There may never be one thing you’re going to do that will show you how to sell art, so keep hustling and promoting yourself in various ways. You can do this by trying to get into art galleries, pop-ups or art fairs, or you can try to sell art online via a personal website, online marketplaces like Etsy, Amazon and eBay, or even social media. Selling art online (or at least creating an online presence for our art) can typically be a less expensive, easier way to dip your toes in the water of the art business. You can create your own e-commerce site with companies like Shopify or Society6 that help you create an online store with an online gallery of your work to help sell your art online. If you’re looking to find ways to physically print your work, there are several online marketplaces that allow you to print on demand high-quality prints.
Art collectors and art buyers are more likely to be excited about your original work if you are. Even if you’re having a bad week and art sales are down, don’t lose your enthusiasm for your work.

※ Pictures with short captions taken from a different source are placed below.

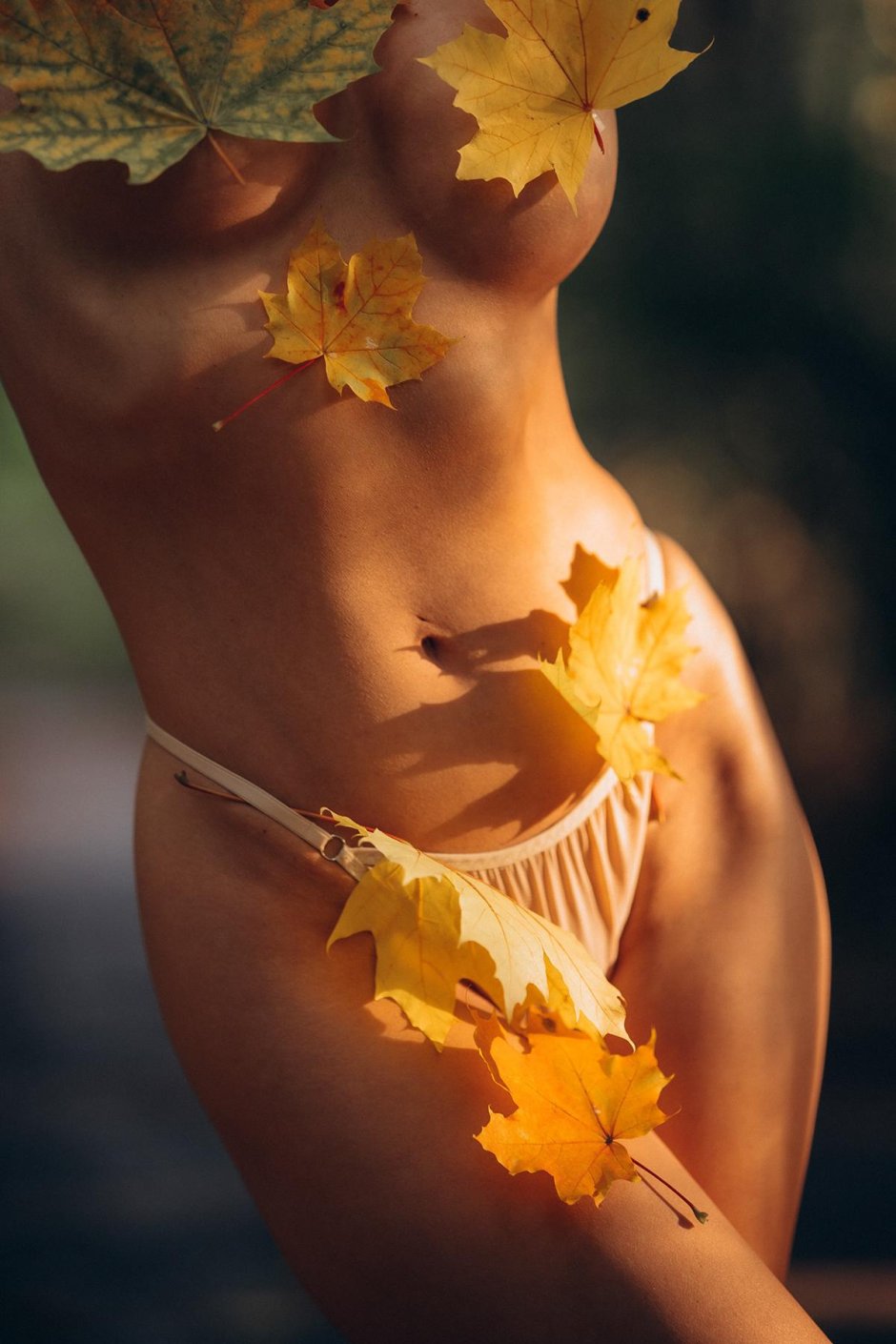 Голые девушки осенью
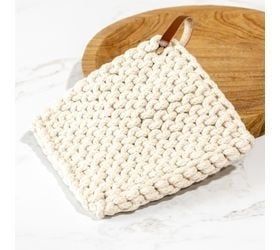 Leather Strap Cream Knit Pot Holder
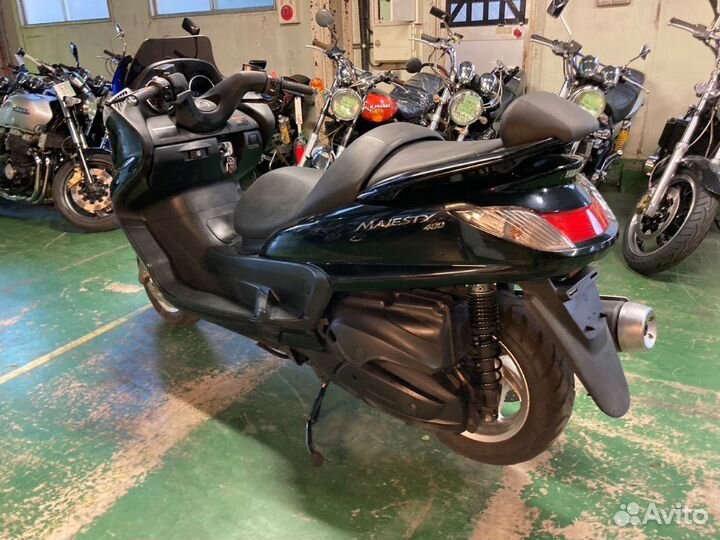 Максискутер Yamaha Majesty 400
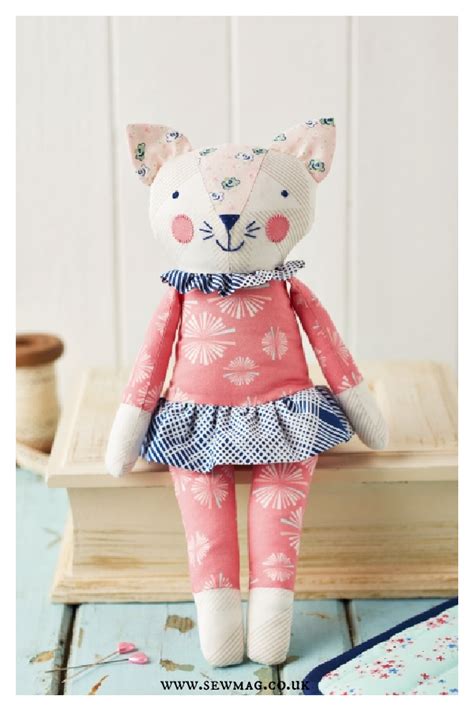 Sleepy Kitty Free Sewing Pattern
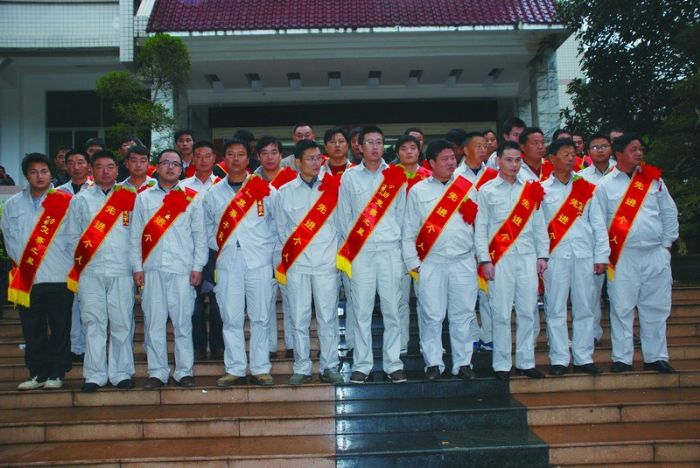 劳动竞赛之星和年度先进个人合影<br />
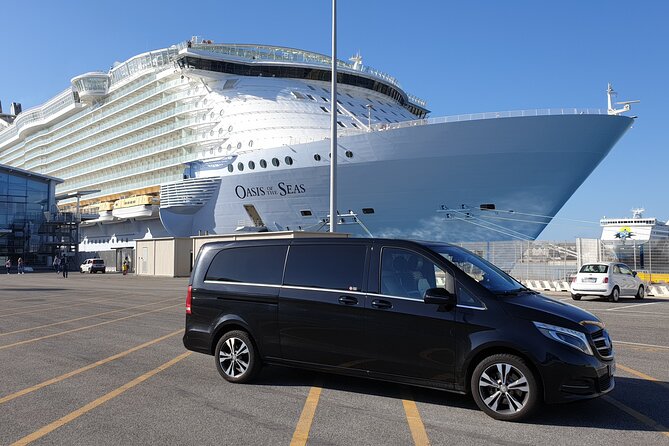 Private daytour of Rome from Civitavecchia port van Mercedes V - Vatican City and the optional museum hour
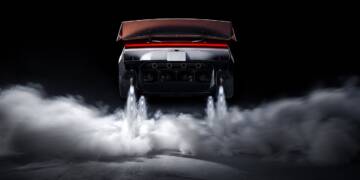 Parece impossível, mas o Tesla Roadster consege mesmo voar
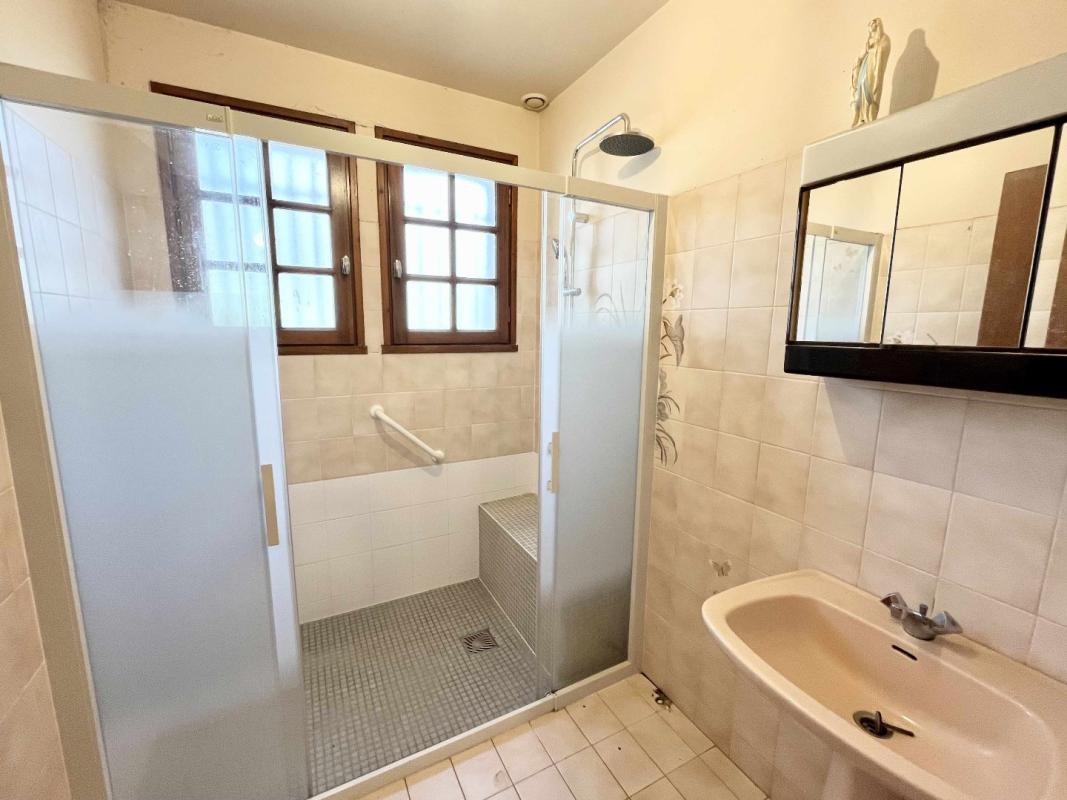 3 bedroom maison in Confolens, Charente, France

Congdon suggests attending industry events, joining a support group, connecting with other art lovers or sellers online all in an effort to continuously put yourself out there. “Keep sharing what you do. Be excited about it. Your excitement and passion will be contagious. Don’t be shy about talking about your work, both online and in person.” This will ultimately help with sales or online art sales.
Authenticity shines – especially in a world full of tabloids and fake news. Congdon says it is crucial to “stay true and take great care with your work.”
This means do what matters most to you, and always give 100 percent. Don’t succumb to societal standards just to fit in with other artists. People want to see a unique, fresh voice that only you can deliver.
“If you want to be a great artist, use what you are passionate about internally,” says Congdon. “Draw from yourself, not from what other people are doing. That’s number one. And take great care with your work. Be meticulous, take the time, make it your best. The combination of that care, attention, work ethic and authenticity is a really strong formula.”